Public Section Preview
Article 356 — President's Rule
5.1 Constitutional Provision
Article 356 allows the President to proclaim President's Rule if satisfied that the government of a state cannot be carried on in accordance with the provisions of the Constitution (on the Governor's report or otherwise). Under this proclamation:
- The executive powers of the state vest with the President
- The Governor administers the state on behalf of the President
- The state legislature is placed under suspended animation (not dissolved until Parliament approves)

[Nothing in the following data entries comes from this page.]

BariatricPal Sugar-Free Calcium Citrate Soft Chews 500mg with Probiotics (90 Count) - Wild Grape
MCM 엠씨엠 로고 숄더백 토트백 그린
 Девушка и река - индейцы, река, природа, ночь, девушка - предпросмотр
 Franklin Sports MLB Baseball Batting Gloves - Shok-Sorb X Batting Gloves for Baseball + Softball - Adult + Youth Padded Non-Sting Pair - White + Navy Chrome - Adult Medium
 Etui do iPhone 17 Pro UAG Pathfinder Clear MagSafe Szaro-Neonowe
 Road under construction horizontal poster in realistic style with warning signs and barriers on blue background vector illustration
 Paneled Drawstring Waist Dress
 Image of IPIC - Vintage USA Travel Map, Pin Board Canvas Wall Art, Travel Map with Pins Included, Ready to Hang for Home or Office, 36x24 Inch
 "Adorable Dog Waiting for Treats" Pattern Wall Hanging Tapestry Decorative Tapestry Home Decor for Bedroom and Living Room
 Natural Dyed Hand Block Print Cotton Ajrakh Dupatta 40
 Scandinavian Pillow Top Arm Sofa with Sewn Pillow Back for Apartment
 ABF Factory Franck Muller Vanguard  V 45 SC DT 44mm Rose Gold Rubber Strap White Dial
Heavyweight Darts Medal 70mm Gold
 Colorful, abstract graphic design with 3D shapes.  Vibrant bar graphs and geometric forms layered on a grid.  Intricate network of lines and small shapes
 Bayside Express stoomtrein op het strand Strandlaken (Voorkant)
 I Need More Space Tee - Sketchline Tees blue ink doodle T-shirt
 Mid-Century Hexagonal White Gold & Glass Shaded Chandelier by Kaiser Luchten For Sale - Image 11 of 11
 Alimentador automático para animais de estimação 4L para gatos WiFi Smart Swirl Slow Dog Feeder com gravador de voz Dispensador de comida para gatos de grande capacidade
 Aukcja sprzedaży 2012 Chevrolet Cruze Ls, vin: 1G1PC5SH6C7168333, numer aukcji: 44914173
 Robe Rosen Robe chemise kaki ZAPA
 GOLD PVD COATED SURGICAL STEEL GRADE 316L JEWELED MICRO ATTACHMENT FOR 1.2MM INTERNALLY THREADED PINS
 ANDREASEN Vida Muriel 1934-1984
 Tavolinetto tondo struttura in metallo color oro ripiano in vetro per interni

- Parliament makes laws for the state
Parliamentary approval: Must be approved by both Houses within 2 months (simple majority). If Lok Sabha is dissolved, Rajya Sabha alone approves; new Lok Sabha ratifies within 30 days. Duration: initially 6 months; extendable to 3 years with Parliamentary approval every 6 months; beyond 1 year requires National Emergency + Election Commission certificate.
5.2 Misuse — The Bommai Watershed
Before Bommai (1994), Article 356 was invoked 120 times (1950–1994), often for partisan political purposes. Notable cases:
- 1977: Morarji Desai government dismissed Congress-ruled states; 1980: Indira Gandhi reversed the same
- 1992: BJP governments in 4 states dismissed after Babri Masjid demolition
- Aaya Ram Gaya Ram era — floor crossing made governments unstable
5.3 S.R. Bommai v. Union of India (1994) — The Landmark
A 9-judge constitutional bench fundamentally altered the framework for President's Rule.
Key holdings:
- Presidential satisfaction under Article 356 is not absolute — it is subject to judicial review (courts can examine whether the proclamation was issued on relevant grounds)
- Before dismissing a state government, a floor test must be held in the state legislature — the President/Governor should not decide the majority question; the assembly must determine majority on the floor of the House
- During the proclamation, the state legislature is in suspended animation — the President can dissolve the assembly only after Parliament approves the proclamation
- The secular character of the state is part of the Basic Structure — a state government that promotes non-secularism can be dismissed
Impact: Frequency of Article 356 use fell dramatically post-Bommai. The judgment gave teeth to the Sarkaria Commission's recommendation that Article 356 should be a last resort.